# Automated Customized Deep Neural Network

If you have ever wanted to build a model using deep learning, you have encountered the big question of how many layers I should use? or what should be the size of this layers?

Using `tensorlfow` or even `keras` sequential model makes it harded to simply add one or multiple layer. You need to modify a the code before each run or you need to write different blocks of code for models with various number of layers. However, `keras` functional api makes it easy to use a for loop and add as many layers as you like in few lines of code. Using this feature, I constructed five classes of deep architecture startin from a simple dense fully-connected deep network to a complex hybrid convolutional autoencoder. 
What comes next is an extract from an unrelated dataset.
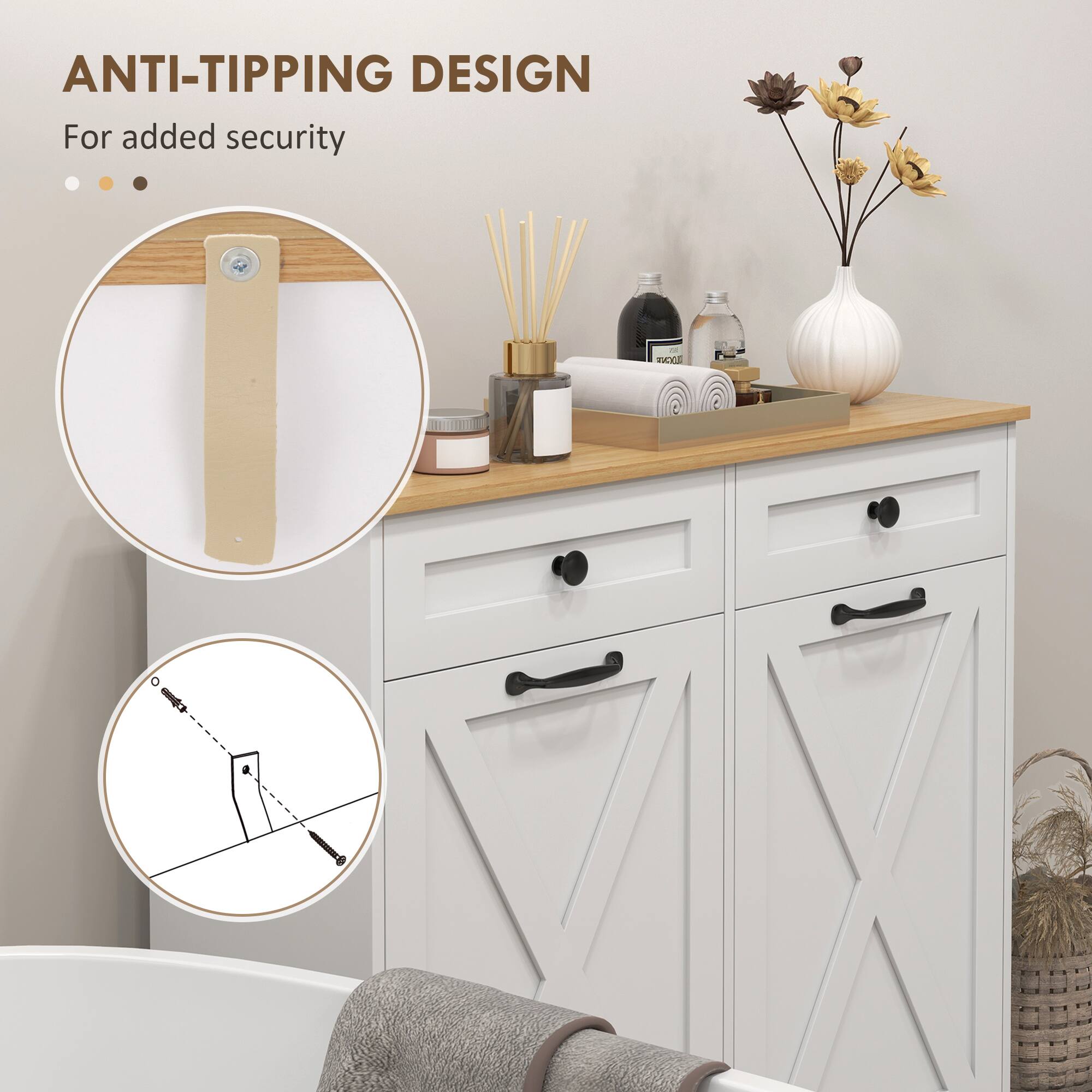 ANTI-TIPPING DESIGN  
For added security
The classes are initiated given the number of nodes in each layer or the type of each layer and then they build the desired model and makes them ready for you to train and test.
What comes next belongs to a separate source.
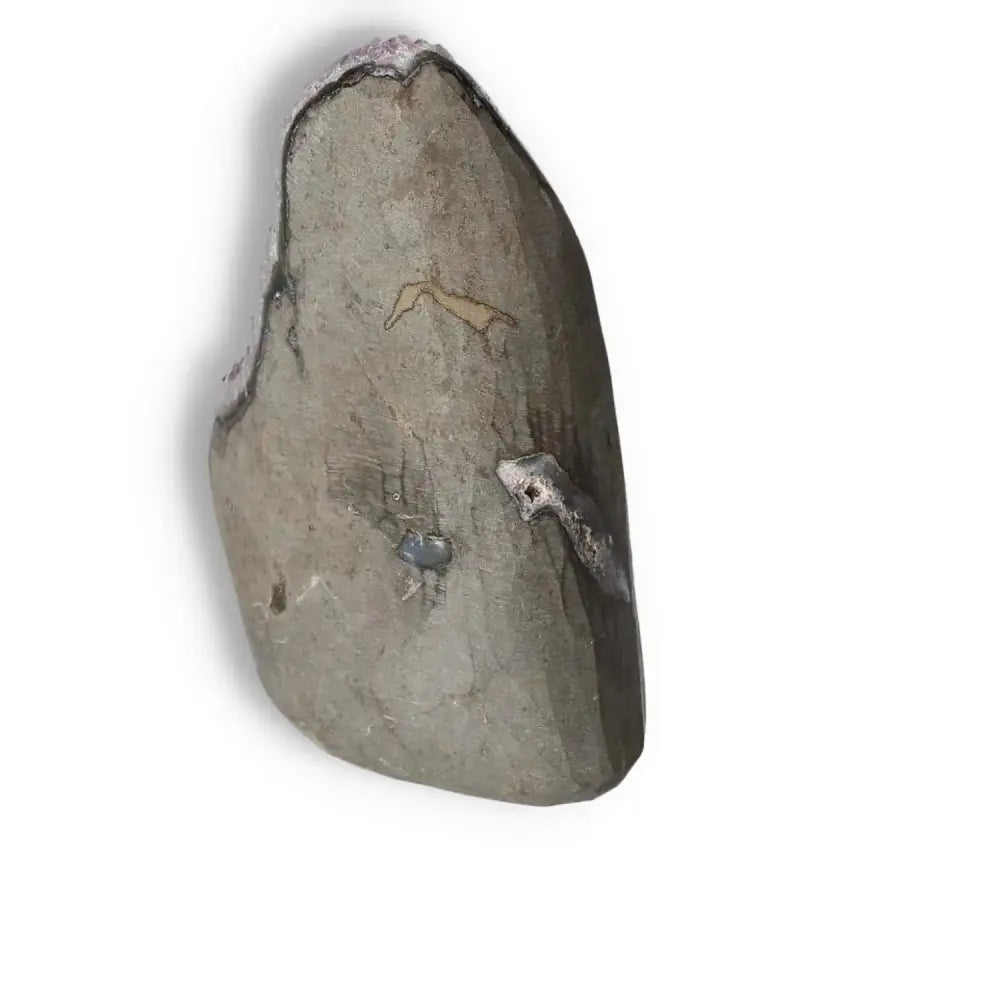 Amethyst Cut Base Geode by Sylvia Crystals showcasing raw elegance and spiritual energy boost.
For simplicity, other parameters like activation functions, optimizer, loss, etc. are hard-coded. I chose them based on what is usually used in a similar network. But if you like, you can add them to you class init params and even play with those as well. I used `adam` optimizer for all of the classes and `categorical_crossentropy` and `mse` for losses. I also add a dropout layer right after the input layer and after the encoded layer if there's any. The default value of the `dropout` is 0.0001 and mainly I used it for simplicity in my coding and for loop.

First, I go over each class and give and example of the usage of it. 
At last, I will bring and example of training few DNNs with different number of nodes and layers to compare them when training a classifier for MNIST digit dataset.

If you are not familiar with neural networks and you don't any knowledge on the topic please use google and learn the basic concept before you dive into this library :)

## 1. Deep Neural Networks
A Deep Neural Network is built of an input layer, a bunch of hidden layers and and output layers which can be the result of classification or in some cases the result of regression (note that each case should use it's specific loss function)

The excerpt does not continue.